### [What you should do]
Your answer should consist solely of the lines from the one holding "Photograph by Galina Novichkova" through the final line of the entries, reproduced exactly and without pictures.

-- Data for review follows --

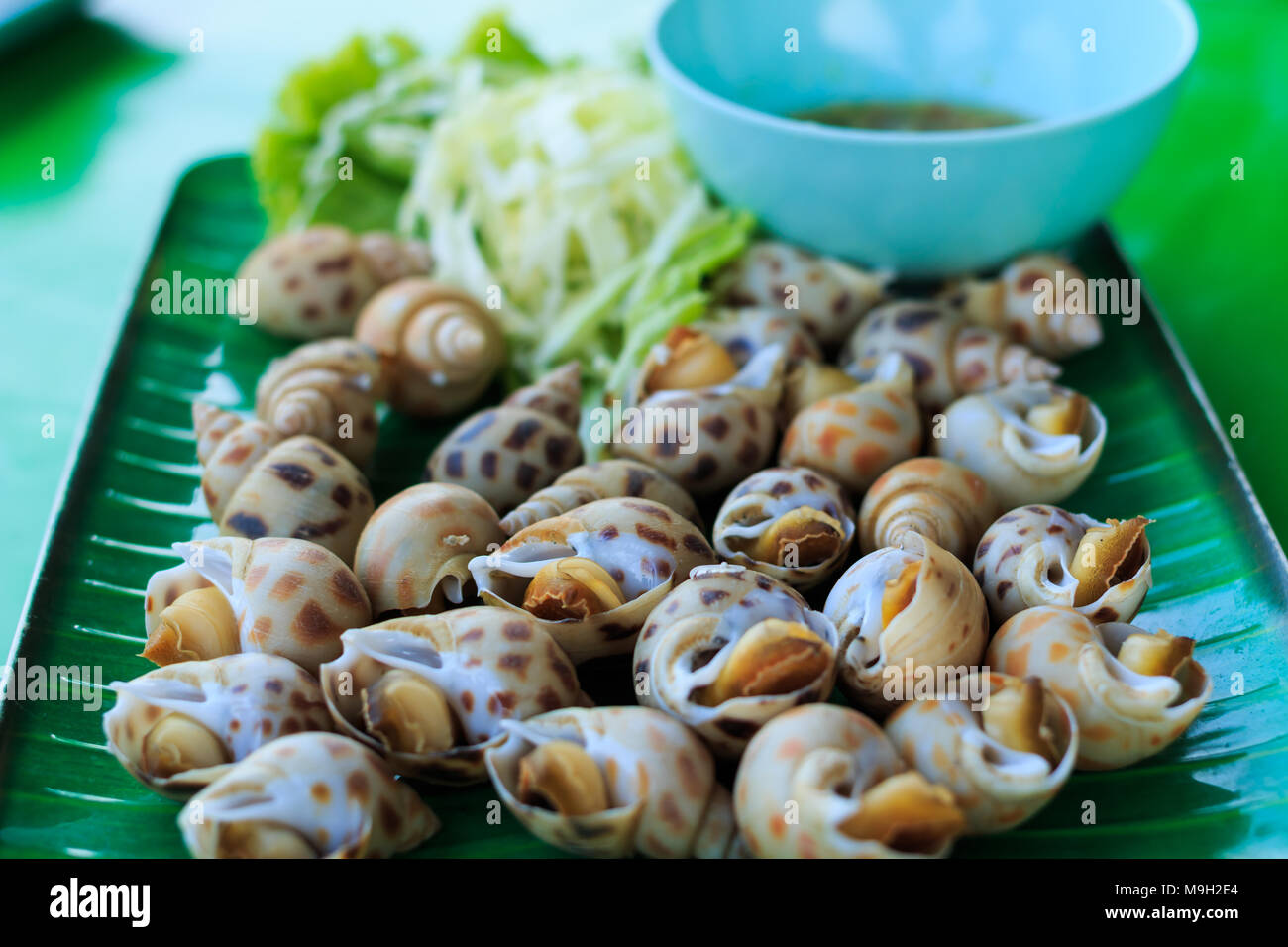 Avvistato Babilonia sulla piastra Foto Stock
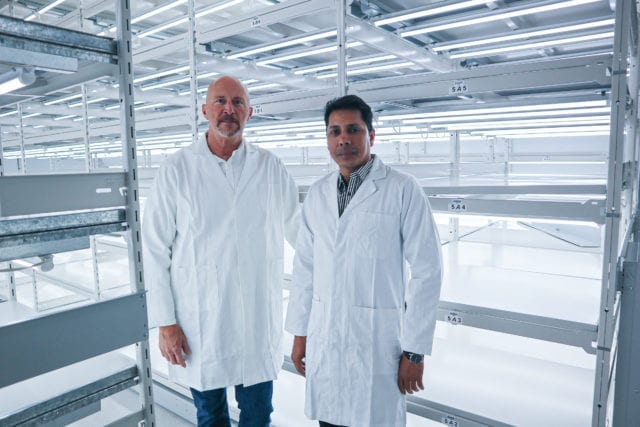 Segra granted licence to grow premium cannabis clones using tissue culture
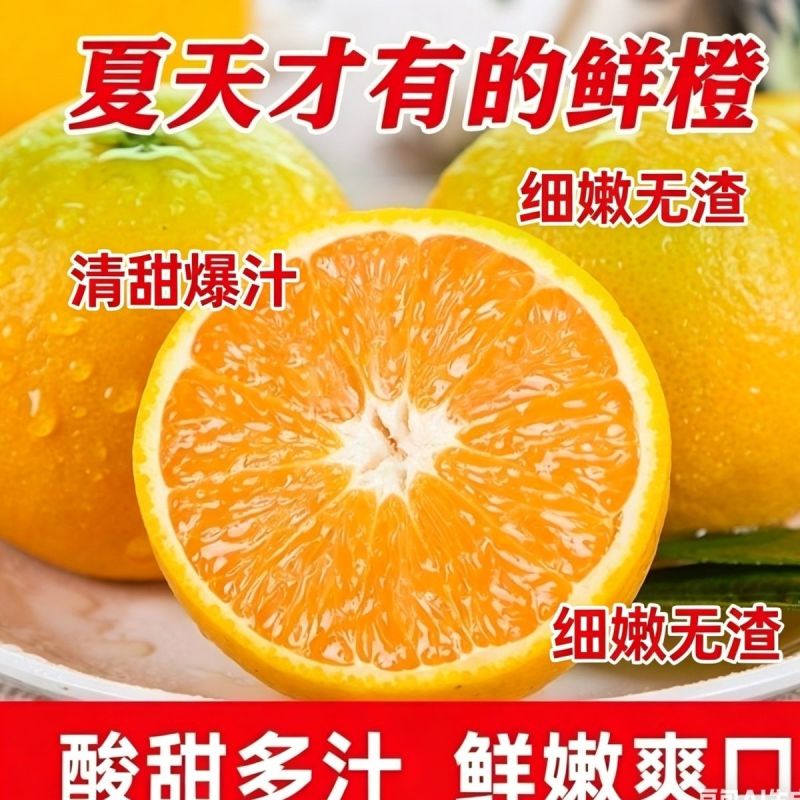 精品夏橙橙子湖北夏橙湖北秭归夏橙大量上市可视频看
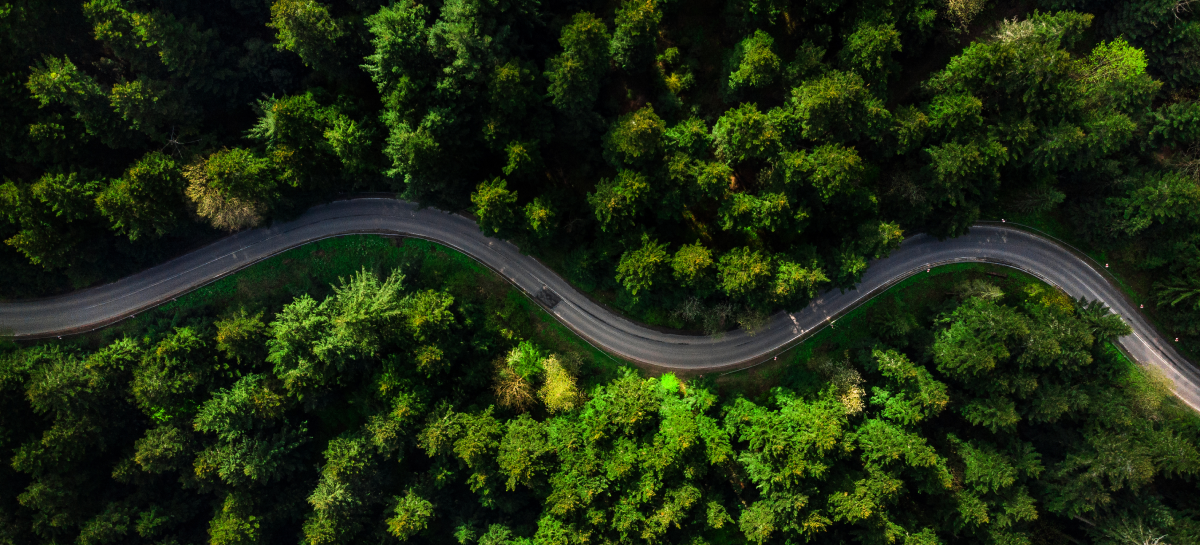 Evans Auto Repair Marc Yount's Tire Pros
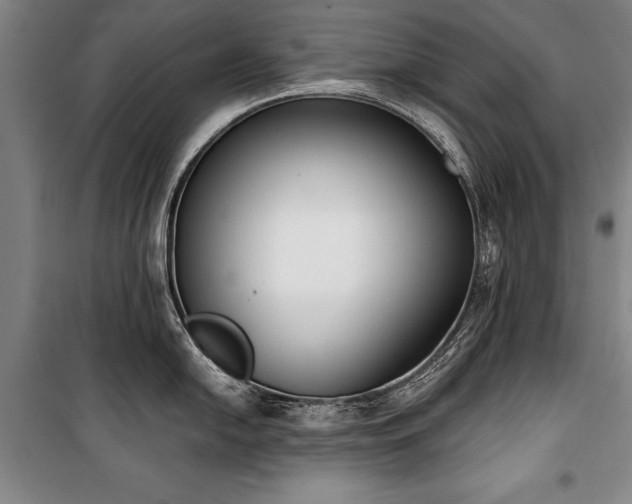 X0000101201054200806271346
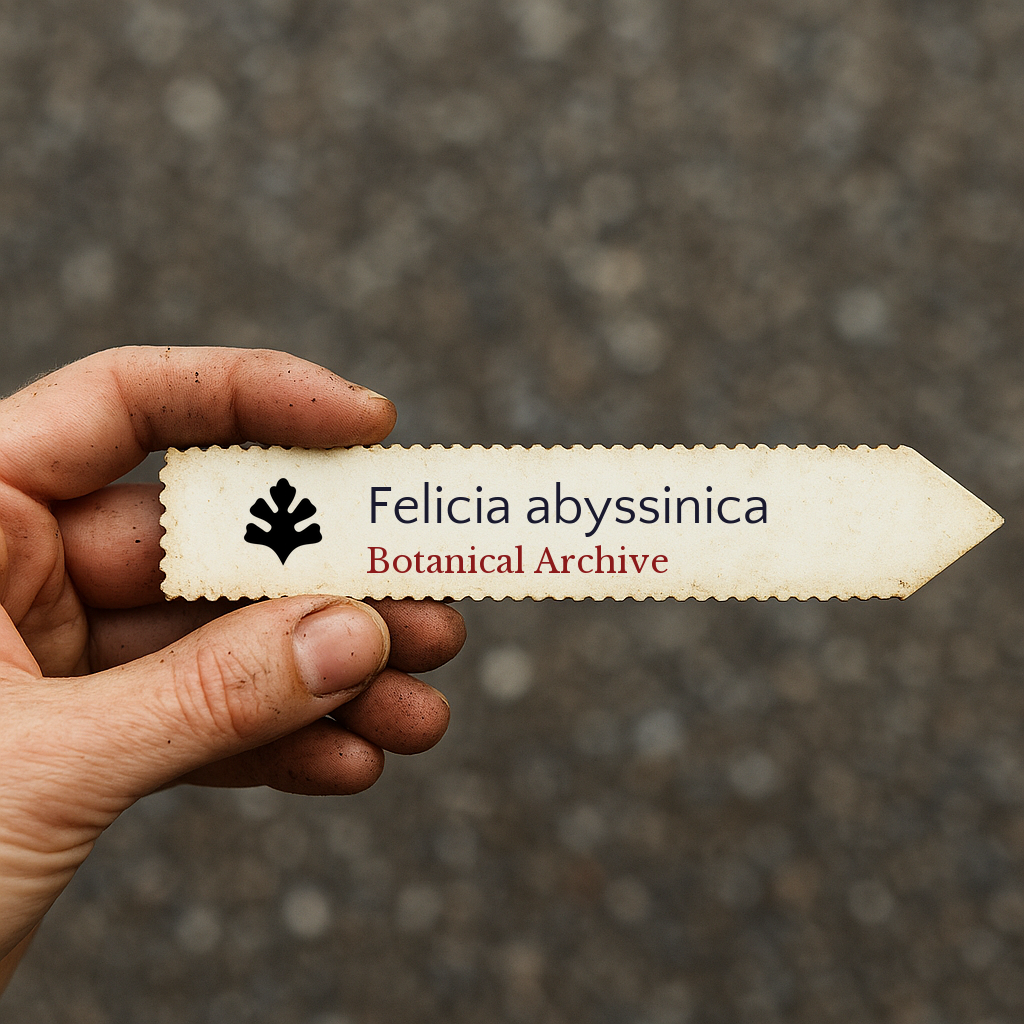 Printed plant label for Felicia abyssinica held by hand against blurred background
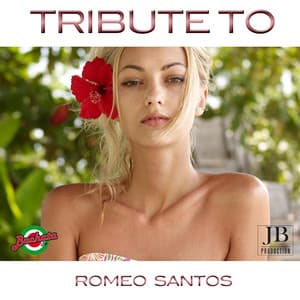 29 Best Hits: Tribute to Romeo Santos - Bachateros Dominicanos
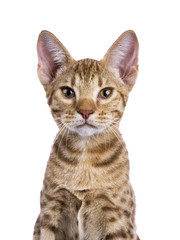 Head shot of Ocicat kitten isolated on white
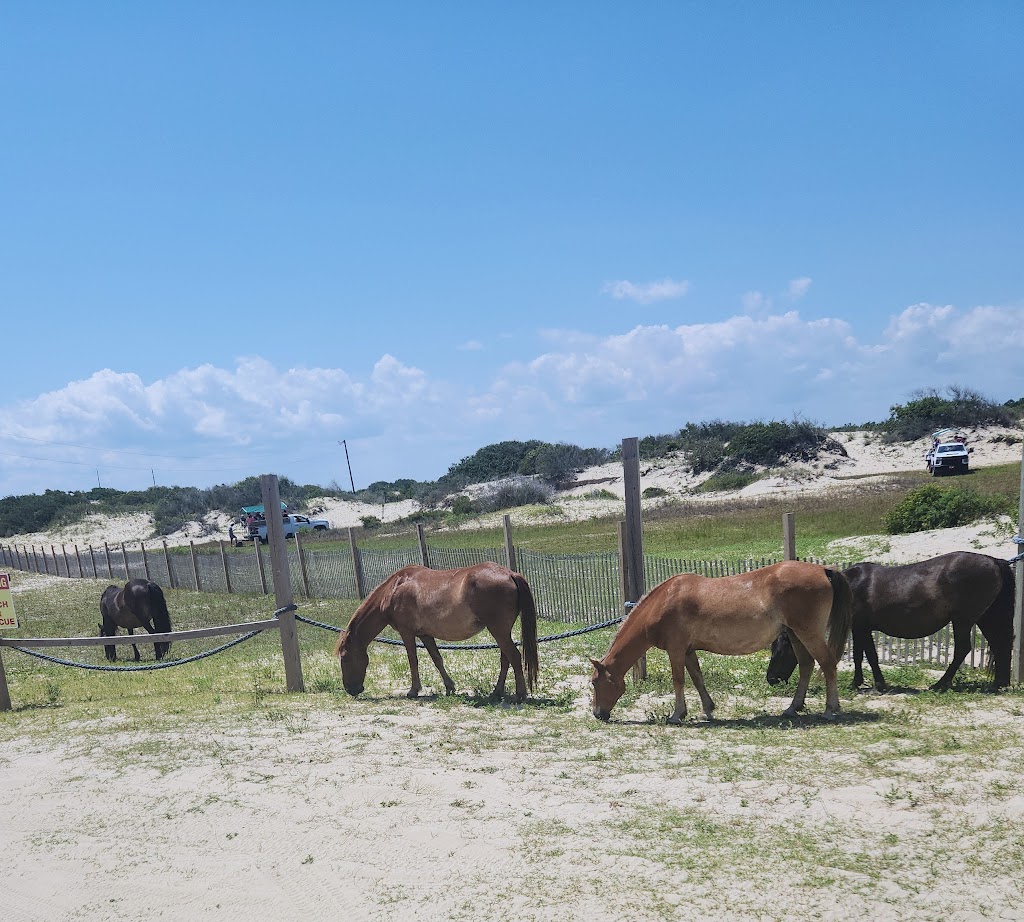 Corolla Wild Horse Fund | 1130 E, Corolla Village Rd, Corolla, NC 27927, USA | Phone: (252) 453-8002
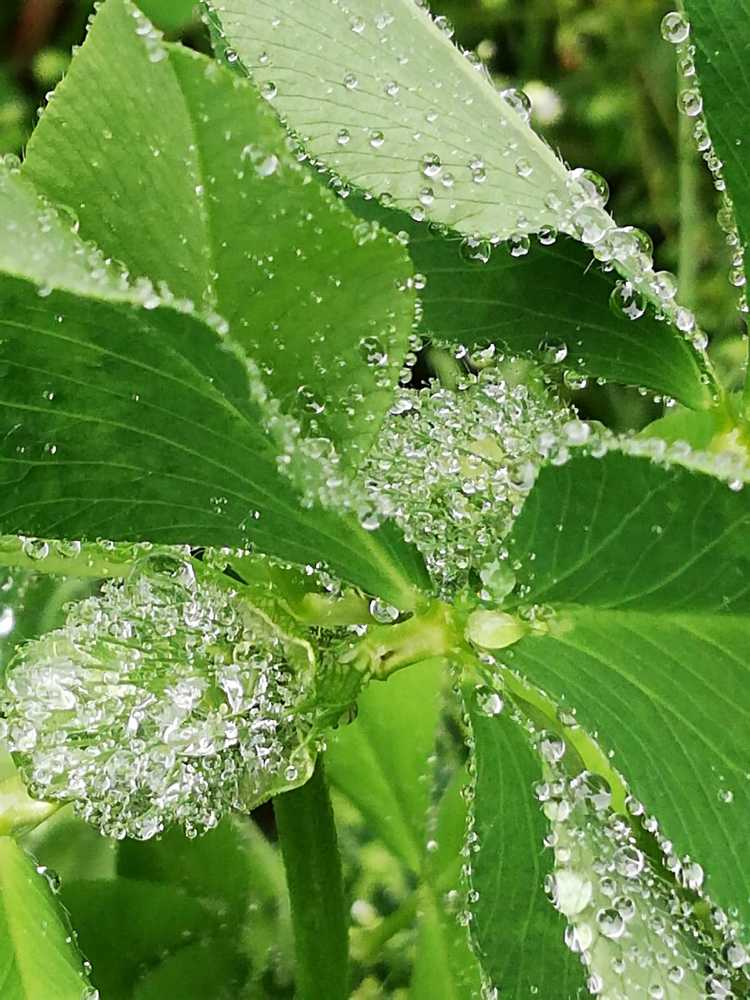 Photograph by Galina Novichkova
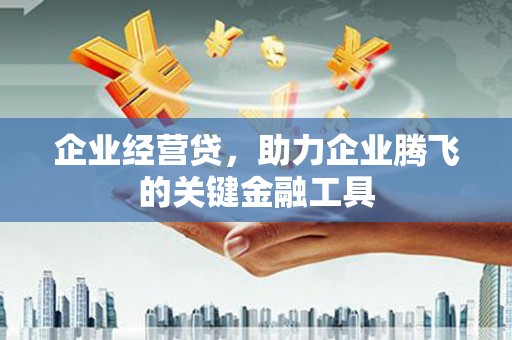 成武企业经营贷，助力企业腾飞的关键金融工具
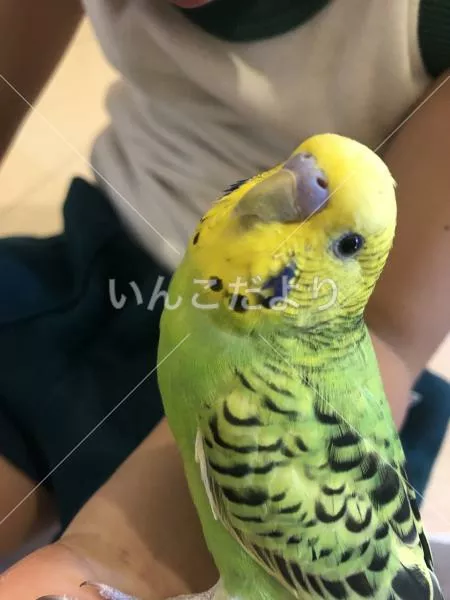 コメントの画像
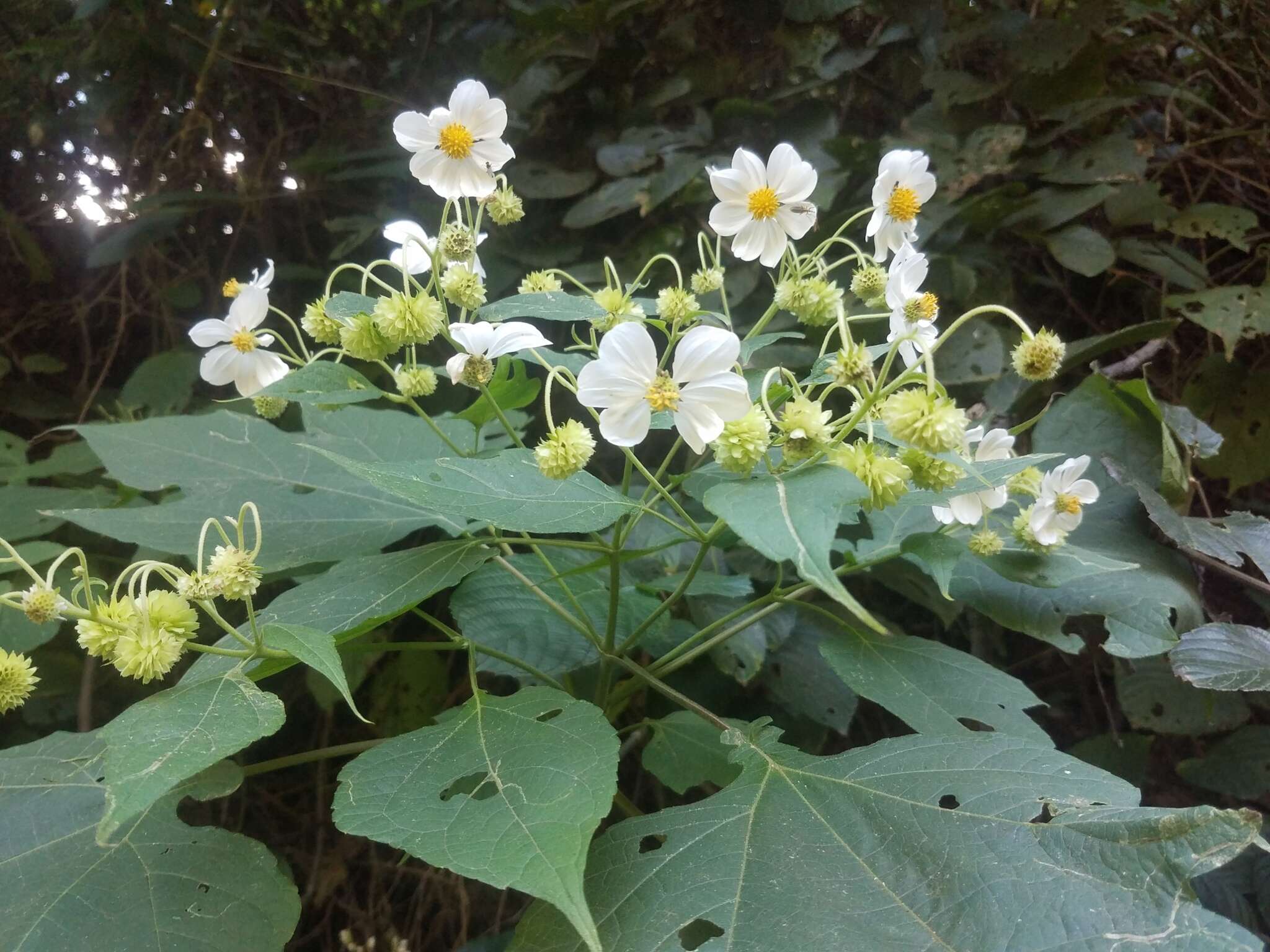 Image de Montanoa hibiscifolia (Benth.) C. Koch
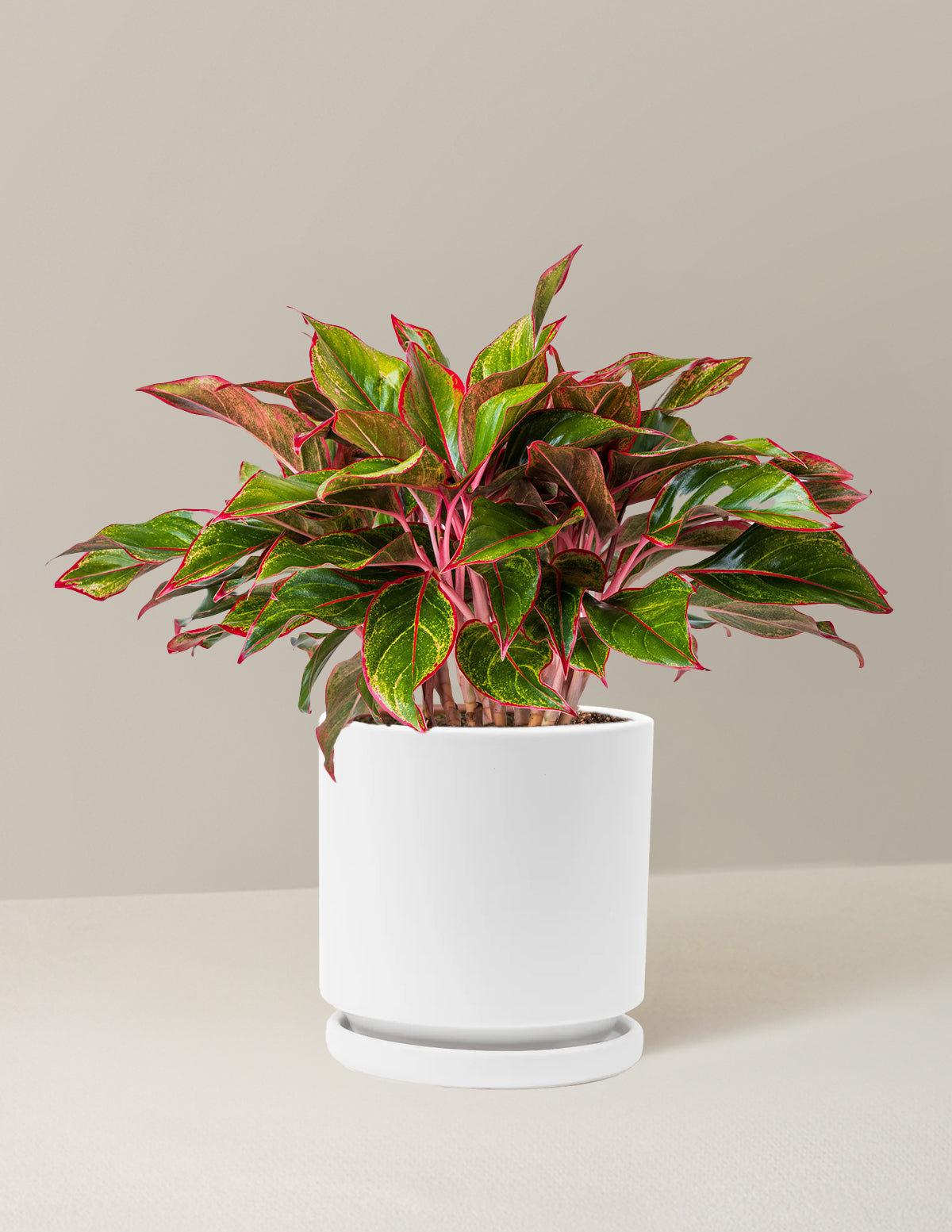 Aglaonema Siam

-- Data for review concluded --

### [Response area]
 Photograph by Galina Novichkova
 成武企业经营贷，助力企业腾飞的关键金融工具
 コメントの画像
 Image de Montanoa hibiscifolia (Benth.) C. Koch
 Aglaonema Siam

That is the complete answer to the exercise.